**Exercise directions**: Once you find the line with "Photo - 19 Dacotah Ave" in the data that follows, repeat it and every line after it exactly, through the line with "wolfy / MOVED's profile picture".

--- START ---

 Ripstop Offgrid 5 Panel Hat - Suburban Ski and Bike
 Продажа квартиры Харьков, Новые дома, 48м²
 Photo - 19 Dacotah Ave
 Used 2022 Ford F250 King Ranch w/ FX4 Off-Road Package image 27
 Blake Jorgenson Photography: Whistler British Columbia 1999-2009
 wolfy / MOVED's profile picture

--- END ---
--- START ---

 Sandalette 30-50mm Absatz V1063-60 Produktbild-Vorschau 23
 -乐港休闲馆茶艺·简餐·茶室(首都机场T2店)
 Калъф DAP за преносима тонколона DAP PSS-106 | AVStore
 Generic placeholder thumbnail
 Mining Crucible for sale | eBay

--- END ---

**Response box**:
 Photo - 19 Dacotah Ave
 Used 2022 Ford F250 King Ranch w/ FX4 Off-Road Package image 27
 Blake Jorgenson Photography: Whistler British Columbia 1999-2009
 wolfy / MOVED's profile picture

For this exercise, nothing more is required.